There are other obvious issues for future research. With respect to this particular measurement instrument it will be important to clarify issues such as the generality of particular difficulties highlighted by A-ToM-Q performance. For example, are those difficulties alleviated in any way when there is a greater degree of contextual information available than is provided in the instrument’s test items, and will the heterogeneity of performance witnessed in participants in this study characterize individuals’ behavior across a broad range of perspective taking scenarios?

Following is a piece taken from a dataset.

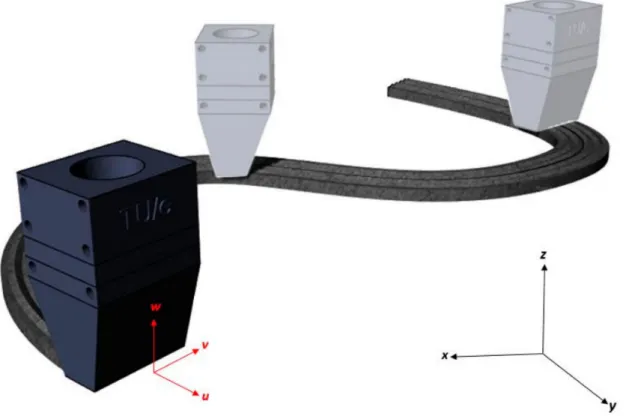 Figure 2.6: Concept of a rotating nozzle to avoid twisting of rectangle laces, published in [9]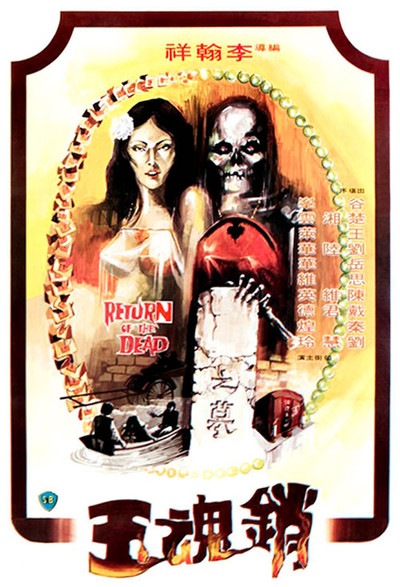 Póster de Return of the Dead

A broader issue is the continued investigation of the optimal approaches for developing flexible and sustainable perspective taking skills in individuals who are experiencing difficulties. Although resolving this question is beyond the scope of this study—for detailed overviews see, for example, Brewer and Young (2015) and Fletcher-Watson et al. (2014)—we very briefly highlight just some of the considerations involved. For example, should the focus be on trying to improve specific areas or dimensions of perspective taking or some broad or pervasive social-cognitive capacity? At what stage(s) of the individual’s development should the efforts be focused in order to maximize any benefits? How much and precisely what form of intervention will be necessary to promote maintenance of newly acquired skills and what special steps will be needed to ensure generalization or transfer of skills? It is also important to emphasize that, given well-developed ToM underpins much of our social interaction, being able to identify difficulties and subsequently ameliorate them can potentially benefit a wider range of autistic individuals than we sampled in this study. For example, benefits for some non-verbal autistic individuals could be realized if future work can adapt instruments like the A-ToM-Q for use with such individuals. These are just some of the critical questions that researchers and clinicians will need to tackle—but first, of course, we need to be able to identify the nature and extent of any difficulties.